In the records below, find the line containing "Black cat leather" and the line containing "Cute Ghost With"; please repeat exactly the lines from one to the other, both included, and nothing more.

_STORED DATA_:
┄┄┄┄┄┄┄┄┄┄
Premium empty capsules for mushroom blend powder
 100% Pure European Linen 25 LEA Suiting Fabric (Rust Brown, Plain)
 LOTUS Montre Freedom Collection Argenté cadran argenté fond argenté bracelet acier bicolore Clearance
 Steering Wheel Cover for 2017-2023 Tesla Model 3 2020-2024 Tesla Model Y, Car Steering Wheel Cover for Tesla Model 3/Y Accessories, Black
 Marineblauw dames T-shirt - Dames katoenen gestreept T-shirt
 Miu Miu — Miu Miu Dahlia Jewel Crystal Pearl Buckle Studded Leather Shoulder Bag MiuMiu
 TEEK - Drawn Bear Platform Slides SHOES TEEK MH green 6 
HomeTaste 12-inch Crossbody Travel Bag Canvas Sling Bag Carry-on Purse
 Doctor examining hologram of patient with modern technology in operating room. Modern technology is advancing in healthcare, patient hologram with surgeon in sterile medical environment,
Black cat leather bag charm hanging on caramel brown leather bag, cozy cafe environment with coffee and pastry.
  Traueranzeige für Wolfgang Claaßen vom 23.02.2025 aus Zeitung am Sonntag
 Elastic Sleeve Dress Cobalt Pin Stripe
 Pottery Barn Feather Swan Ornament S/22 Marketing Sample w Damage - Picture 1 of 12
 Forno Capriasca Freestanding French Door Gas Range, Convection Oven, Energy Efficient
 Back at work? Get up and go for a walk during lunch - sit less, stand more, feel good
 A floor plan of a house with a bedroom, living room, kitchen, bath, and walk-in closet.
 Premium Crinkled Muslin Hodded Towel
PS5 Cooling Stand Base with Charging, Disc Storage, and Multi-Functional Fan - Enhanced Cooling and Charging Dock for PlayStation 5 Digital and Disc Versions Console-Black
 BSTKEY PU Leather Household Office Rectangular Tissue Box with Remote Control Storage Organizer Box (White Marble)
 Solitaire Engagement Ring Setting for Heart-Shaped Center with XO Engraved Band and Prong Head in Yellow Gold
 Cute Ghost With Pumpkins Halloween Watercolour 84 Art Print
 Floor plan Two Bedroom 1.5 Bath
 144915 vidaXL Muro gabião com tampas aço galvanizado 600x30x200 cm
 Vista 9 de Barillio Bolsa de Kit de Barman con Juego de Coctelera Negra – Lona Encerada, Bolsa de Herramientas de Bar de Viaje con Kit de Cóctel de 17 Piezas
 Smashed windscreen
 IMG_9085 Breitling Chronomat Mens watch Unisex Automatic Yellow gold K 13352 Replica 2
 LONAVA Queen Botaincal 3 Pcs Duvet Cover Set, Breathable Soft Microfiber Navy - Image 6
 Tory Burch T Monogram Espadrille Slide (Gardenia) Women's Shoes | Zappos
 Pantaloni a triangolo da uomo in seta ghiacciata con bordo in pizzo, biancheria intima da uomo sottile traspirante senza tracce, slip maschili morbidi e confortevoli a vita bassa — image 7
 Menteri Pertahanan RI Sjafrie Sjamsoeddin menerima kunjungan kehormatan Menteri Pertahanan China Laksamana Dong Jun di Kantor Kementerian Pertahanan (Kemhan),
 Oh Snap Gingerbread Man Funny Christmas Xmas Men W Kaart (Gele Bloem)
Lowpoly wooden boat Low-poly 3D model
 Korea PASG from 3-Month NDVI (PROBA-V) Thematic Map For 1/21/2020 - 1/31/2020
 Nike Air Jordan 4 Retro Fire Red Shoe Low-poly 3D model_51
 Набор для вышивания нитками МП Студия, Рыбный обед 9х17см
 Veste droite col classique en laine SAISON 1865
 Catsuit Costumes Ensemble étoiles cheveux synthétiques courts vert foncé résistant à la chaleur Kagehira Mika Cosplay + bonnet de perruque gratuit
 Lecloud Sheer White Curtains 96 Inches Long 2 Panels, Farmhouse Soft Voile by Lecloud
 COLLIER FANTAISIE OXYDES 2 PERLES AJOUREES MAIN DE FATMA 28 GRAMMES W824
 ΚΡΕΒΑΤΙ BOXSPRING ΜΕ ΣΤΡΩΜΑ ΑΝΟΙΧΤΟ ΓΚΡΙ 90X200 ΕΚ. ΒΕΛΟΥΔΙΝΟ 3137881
┄┄┄┄┄┄┄┄┄┄
_RESULT OF THIS EXERCISE_:
Black cat leather bag charm hanging on caramel brown leather bag, cozy cafe environment with coffee and pastry.
  Traueranzeige für Wolfgang Claaßen vom 23.02.2025 aus Zeitung am Sonntag
 Elastic Sleeve Dress Cobalt Pin Stripe
 Pottery Barn Feather Swan Ornament S/22 Marketing Sample w Damage - Picture 1 of 12
 Forno Capriasca Freestanding French Door Gas Range, Convection Oven, Energy Efficient
 Back at work? Get up and go for a walk during lunch - sit less, stand more, feel good
 A floor plan of a house with a bedroom, living room, kitchen, bath, and walk-in closet.
 Premium Crinkled Muslin Hodded Towel
PS5 Cooling Stand Base with Charging, Disc Storage, and Multi-Functional Fan - Enhanced Cooling and Charging Dock for PlayStation 5 Digital and Disc Versions Console-Black
 BSTKEY PU Leather Household Office Rectangular Tissue Box with Remote Control Storage Organizer Box (White Marble)
 Solitaire Engagement Ring Setting for Heart-Shaped Center with XO Engraved Band and Prong Head in Yellow Gold
 Cute Ghost With Pumpkins Halloween Watercolour 84 Art Print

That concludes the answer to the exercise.